Of course, these derivatives are easy to evaluate with modern computer algebra systems but calculating them by hand is prohibitively expensive in many cases and a variety of techniques were developed for short-cutting much of the labor that are worth knowing in their own right.  One such technique is Isserlis’ Theorem, which is a way of organizing the algebra so that the computation depends only on determining $A^{-1}$ and performing some combinatorics.  It is that last activity that will be the focus of this blog post.

We will be considering a general multivariate moment of the form

\[ E[x^{n_1} y^{n_2}\cdots a^{n_4} b^{n_5} \cdots] \; .\]

The first thing to note is that the total power of the moment $n = n_1 + n_2 + \cdots$ must be even in order to have a non-zero result, otherwise there will always be a residual $b$ in the result that will become null when the requirement $b=0$ is enforced.  As a result we can express the total power of the moment as $n = 2m$.  Second, the only surviving term in expansion of the exponential will be the $m^{\textrm{th}}$ term for similar reasons.  The resulting moments are always taken pairwise because of the quadratic form of the exponential, as seen above.  The only unknown is the numerical coefficient in front of the various terms. 

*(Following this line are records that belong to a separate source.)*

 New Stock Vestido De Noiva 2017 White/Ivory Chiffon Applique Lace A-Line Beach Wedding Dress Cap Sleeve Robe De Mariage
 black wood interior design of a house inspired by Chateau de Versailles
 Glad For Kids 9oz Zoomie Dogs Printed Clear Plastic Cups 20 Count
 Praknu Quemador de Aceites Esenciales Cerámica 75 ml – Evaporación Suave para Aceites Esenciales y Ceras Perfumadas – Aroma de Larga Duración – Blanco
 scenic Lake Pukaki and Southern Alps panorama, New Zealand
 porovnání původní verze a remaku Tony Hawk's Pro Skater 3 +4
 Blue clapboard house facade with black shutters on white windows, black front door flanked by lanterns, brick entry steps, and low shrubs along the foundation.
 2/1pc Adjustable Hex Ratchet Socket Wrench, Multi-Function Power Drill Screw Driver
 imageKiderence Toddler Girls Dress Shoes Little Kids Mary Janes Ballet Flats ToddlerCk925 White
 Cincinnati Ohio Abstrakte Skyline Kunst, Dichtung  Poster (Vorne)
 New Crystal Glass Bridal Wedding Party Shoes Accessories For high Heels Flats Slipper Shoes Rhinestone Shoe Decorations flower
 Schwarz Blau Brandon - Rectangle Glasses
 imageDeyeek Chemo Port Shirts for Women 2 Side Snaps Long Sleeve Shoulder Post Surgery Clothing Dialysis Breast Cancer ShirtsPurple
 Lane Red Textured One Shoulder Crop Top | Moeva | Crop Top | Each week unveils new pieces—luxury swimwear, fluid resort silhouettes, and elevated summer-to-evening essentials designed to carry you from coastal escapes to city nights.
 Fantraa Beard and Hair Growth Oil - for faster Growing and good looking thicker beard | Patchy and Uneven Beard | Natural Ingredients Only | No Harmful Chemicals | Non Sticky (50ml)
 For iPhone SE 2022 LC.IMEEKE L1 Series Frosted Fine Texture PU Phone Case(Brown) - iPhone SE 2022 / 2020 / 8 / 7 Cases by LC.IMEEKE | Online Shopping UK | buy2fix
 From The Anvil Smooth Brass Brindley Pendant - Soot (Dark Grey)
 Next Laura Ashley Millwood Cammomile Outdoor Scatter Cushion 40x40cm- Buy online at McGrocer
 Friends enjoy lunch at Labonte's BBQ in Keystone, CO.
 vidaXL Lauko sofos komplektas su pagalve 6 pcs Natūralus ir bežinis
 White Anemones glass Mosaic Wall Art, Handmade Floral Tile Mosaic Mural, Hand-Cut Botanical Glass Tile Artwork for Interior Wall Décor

Since we are interested in the unique pairings, it is useful to give each variable in the statistical moment a unique label in addition to its name.  With this approach, $x^4 y^2 = x_1 x_2 x_3 x_4 y_1 y_2$.  A total power $n$ corresponds to $n$ such unique terms and $n!$ possible permutation of a list of them.  Since $n$ is even, there are $m = n/2$ pairs of consecutive terms in each list to form the $m$ individual pairs.  Since the order of the pairs doesn’t matter, we divide by $m!$ to get the unique combinations of pairs and then again by a factor of $2$ for each pair to account for the fact that a pair is symmetric as to ordering; $x_1 x_2$ is equivalent to $x_2 x_1$.  Racking all theses pieces up gives the number of terms as

\[ N = \frac{(2m)!}{m! 2^m} \; .\]

Regrouping the denominator as to associate with each term in $m!$ a value of $2$ gives

\[ N = \frac{2m (2m-1) (2m-2) \cdots }{ 2m (2m – 2) (2m – 4) \cdots} = (2m – 1) (2m – 3) \cdots \equiv (2m-1)!! \; . \]

For our test case of $E[x^4 y^2]$, $n=6$, $m = 3$ and $(2m – 1)!! = 15$.  Since $15 = 3 + 12$, that checks.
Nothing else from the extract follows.